Emission factors from electricity generation

While many could very reasonably argue that 8 cents per kilowatt hour is a pittance and well below the real value solar energy, the good news is that at least there is a minimum rate in Victoria; in some states this mandatory minimum is not even available.

Although it will depend on the package terms and conditions, for the majority of Victorian small business customers solar still makes huge sense.

According to published electricity offers on the Victorian Government web site (YourChoice), the average peak daily price that small business customers pay is $0.23ckWh excluding daily charges and GST. The range is quite wide depending on circumstances; we measured a minimum price of $0.17ckWh and a maximum price of $0.32c kWh. This correlates well with information from the Australian Energy Market Commission who estimated (PDF) in December 2013 that the average Victorian price was around $0.28c kWh in 2013/2014.

So, although you may only get $0.08ckWh for exported (excess) energy by choosing a well designed solar system that matches your demand profile and minimises exports, you can expect to offset demand at an average of around $0.23c kWh. If you do go over occasionally at least you know what you’ll get.

Shop around, choose a great solar supplier and make sure that your deal is structured right.

© 2014 Solar Choice Pty Ltd

Nigel Morris


  1. The way I look at it, the energy retailer benefits more from the solar power generated and fed back to the grid than I would. I work during the day and the only appliance using power at that time is my refrigerator. Therefore most of the power generated would be fed back to the grid, for which I would only receive 8 cents per kw. And then when I get home in the evening and use my lights and appliances I would be buying power at around 31 cents per kw. So the excess power I generated during the day is bought at 8 cents per kw and then sold back to me at 31 cents per kw. This is not a good deal for customers. It would only be a good deal if I was getting 31 cents per kw of power fed back to the grid. In this way I would be offsetting the power I use at night. I know people who have 16 panels on their roof and their power bills are still between $250 – $300 per quarter for a two person household. I don’t have solar panels and my bills are not much more for a two person household and same size house. The new FIT are a rip off. I wouldn’t spend the money on solar panels and I know people who wish they hadn’t spent the money.

    Explain to me why getting solar is a good idea, apart from helping the environment. Why should energy retailers benefit more from the solar power I generate than I do? And why is the government making the option of installing solar a less attractive? Why give in to pressure from the polluting industries? The government should be encouraging installation of solar panels. If I ever get solar panels, I will be installing a generator to store the power I generate for my own use.

    1. Hi Miryana,

      Thanks for commenting. We totally agree with you that the buyback rate should be much higher than the 8c/kWh currently on offer–as you’ve pointed out, it seems ridiculous that retailers can pay so little and then sell back power later in the day for so much more.

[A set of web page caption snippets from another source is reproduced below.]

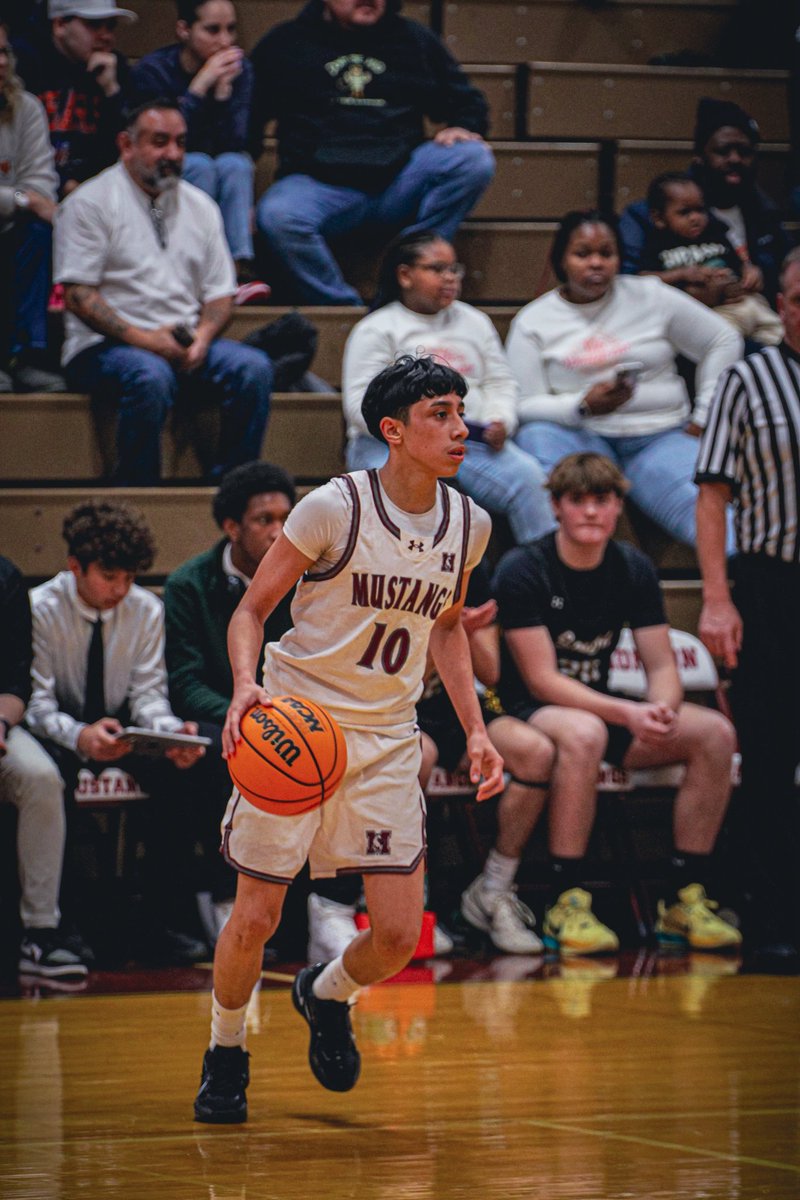 morton_boys's tweet photo. Congratulations to Angelo Lazo (2027) &amp; Miguel Gaspar (2028) for being named WSC Gold All Conference! 🐎🐎🐎 https://t.co/PvLLIyzV6l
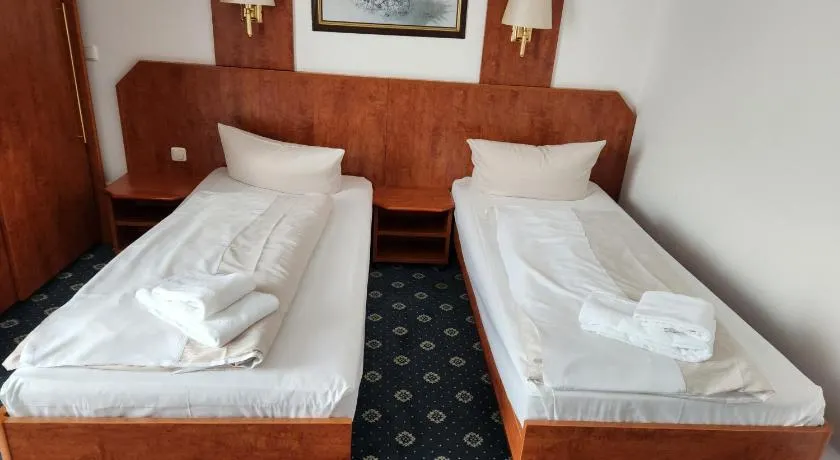 Hotel Hoyers 24h Check-in,Pinneberg, Free Parking and WiFi - Image 1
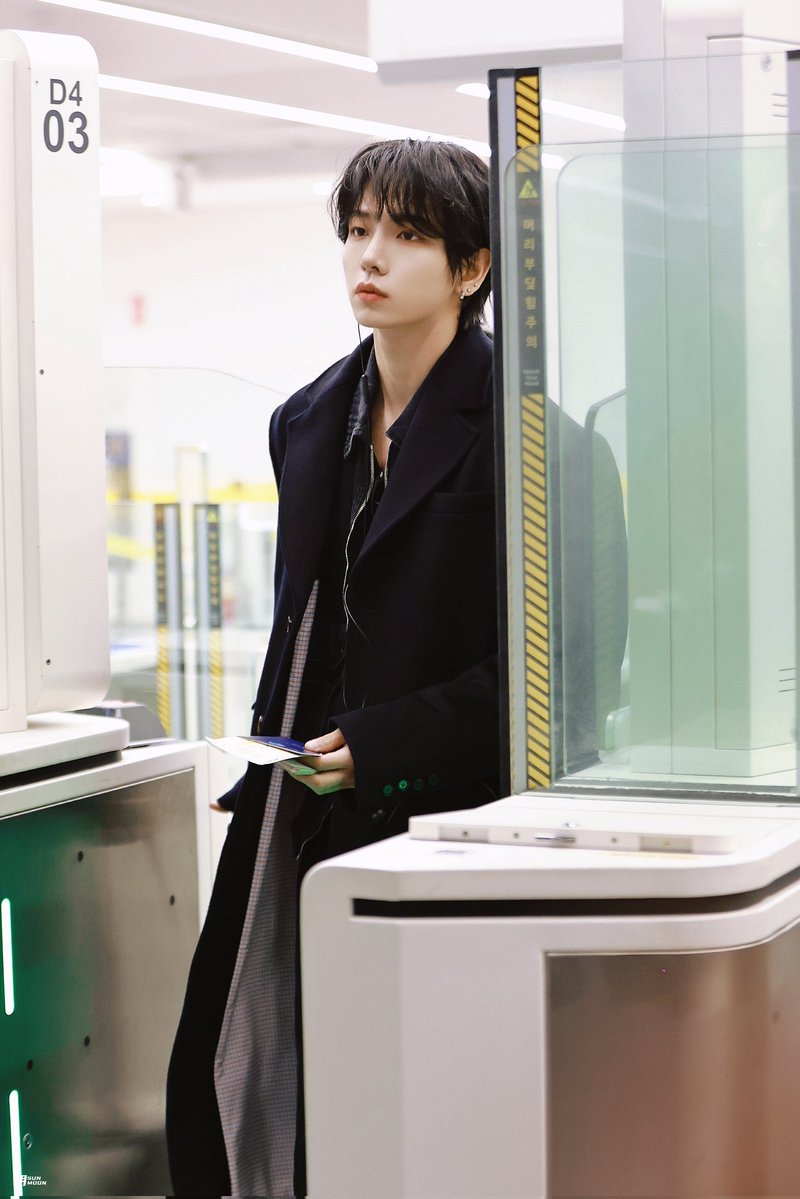 착장 미쳣는데요 이거...........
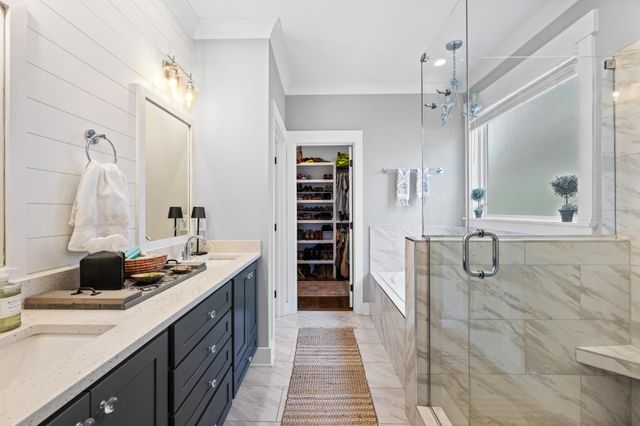 2329 Weeping Willow Drive, Ooltewah, TN 37363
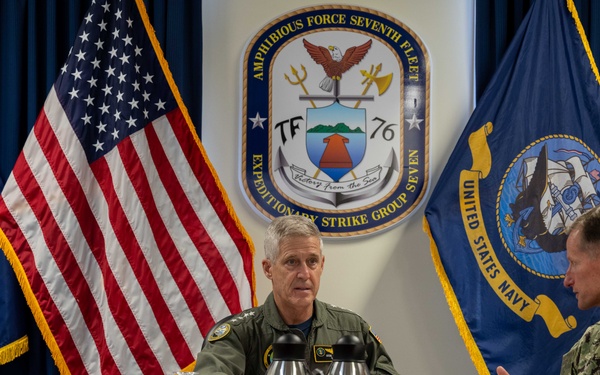 Commander, Pacific Fleet Visits CTF 76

      That being said, investing in solar panels does still make sense for the right households. Since the feed-in tariffs in pretty much every state have fallen well below the cost of retail electricity, solar panels are for those who can use power during the day and ‘self-consume’ the electricity that their panels produce. We here at Solar Choice are very clear about this: solar power is for offsetting electricity bills. Thankfully the cost of going solar has come down so significantly (check out recent prices) that it can be a good investment, but you have to be smart about it and know what you’re getting!

      Also, as time goes on, energy storage for solar is becoming more affordable, so it’s not unthinkable that more people going solar will turn to this as a way to increase their solar energy self-consumption. Keep an eye out!